京城,内閣,内閣首輔劉健坐在主位之上,滿臉的苦澀,原本,他們雖然大概猜到此事曾毅不會去管。
可是,那個時候,畢竟是猜測罷了,現如今,真到了這一步,心裏那一絲微不可查的期望落敗的時候,還是有些失望的。
畢竟,在此事上而言,内閣雖然說是要行動,可是,卻沒有能夠及時阻止的辦法,隻能是借此,收集劉瑾的一些不法的證據罷了。
現如今,滿朝文武當中,唯一一個能夠阻止此事,讓此事立即停止的,怕也隻能是現如今在外面準備巡視天下的曾毅了。
可惜,曾毅所圖甚大,這件事,仍舊在曾毅的忍耐之中,他是不會因爲此事而出手的。
是以,這事情,也就隻能是内閣操心了。
“曾毅的反應,其實,咱們早就預料到了。”
次輔謝遷歎氣,滿臉的苦澀,内閣的處境也是很艱難的,現如今,雖然不少的官員仍舊和劉瑾抵抗,不肯投靠劉瑾,可是,有時候對劉瑾,還是有些軟弱的。

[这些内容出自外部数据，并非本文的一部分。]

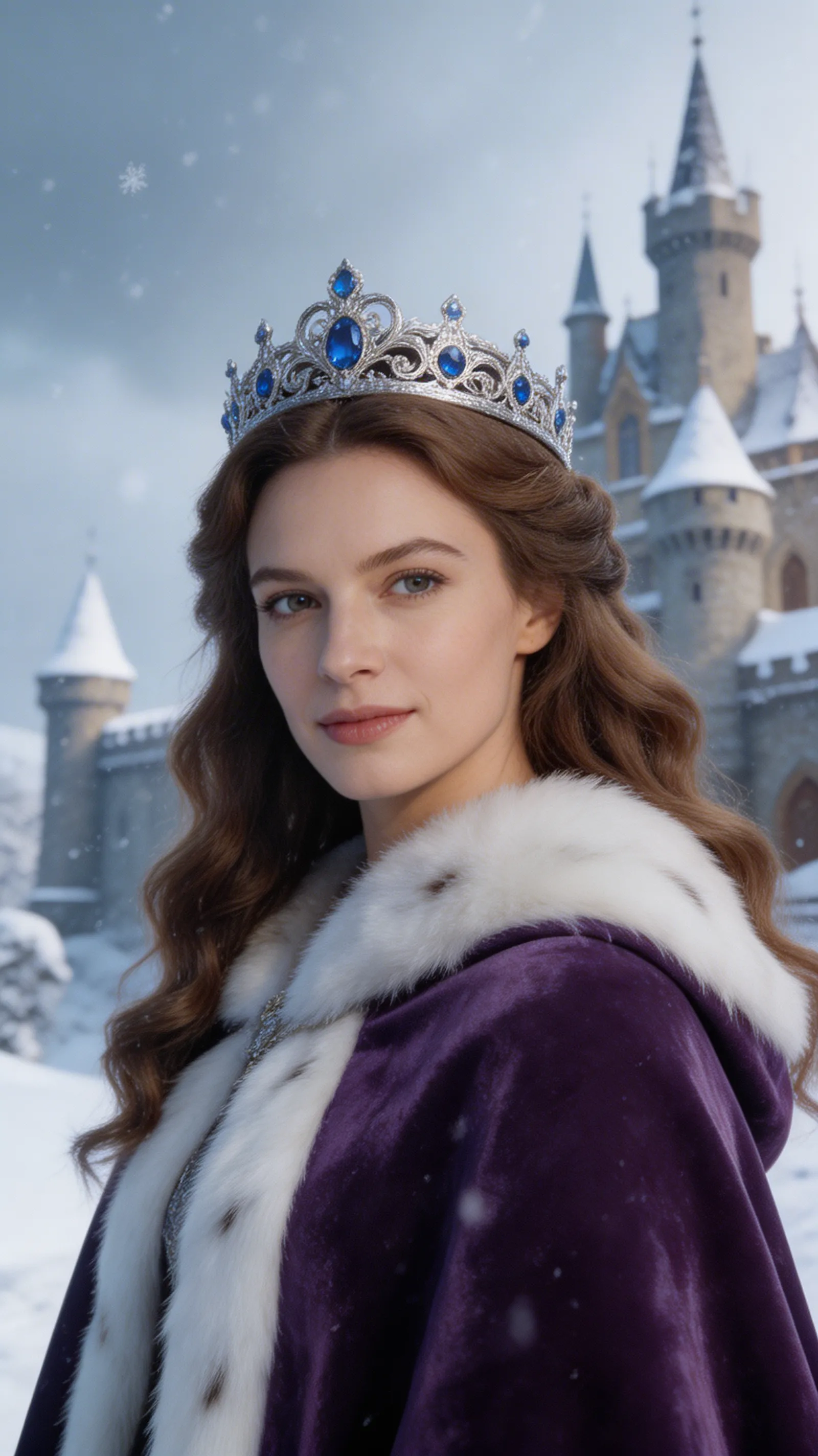 A regal fantasy portrait of a gorgeous Caucasian woman as a medieval queen, wearing an intricate silver crown and fur-lined cloak, snowy castle background.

這樣下去,可不是長久之計,隻要有了這個開端,日後,事情隻會朝着惡略的方向發展的。
若是托的久了,真讓一些官員有把柄落在了劉瑾的手裏,那個時候,可就更難反擊了。
若是曾毅能和内閣聯手,那自然是最好的結果,可現如今,曾毅和内閣的步伐明顯不一緻了。
是以,内閣,隻能是自己出手了。
“想要動劉瑾,單憑咱們,不容易啊。”
李東陽歎氣,眉頭皺在了一起:“現如今,咱們手中的證據是有,可是,單憑這些,還不足以讓皇帝懲處劉瑾的。”
“隻有讓皇帝疼了,他才會狠下心懲處劉瑾的,但很顯然,現如今,還沒到這個地步。”
李東陽說的這些,一句話都沒錯。
想要懲處劉瑾,陛下要皇帝點頭,可,皇帝對劉瑾是何等的信任,想要消除這個信任,可是不容易的。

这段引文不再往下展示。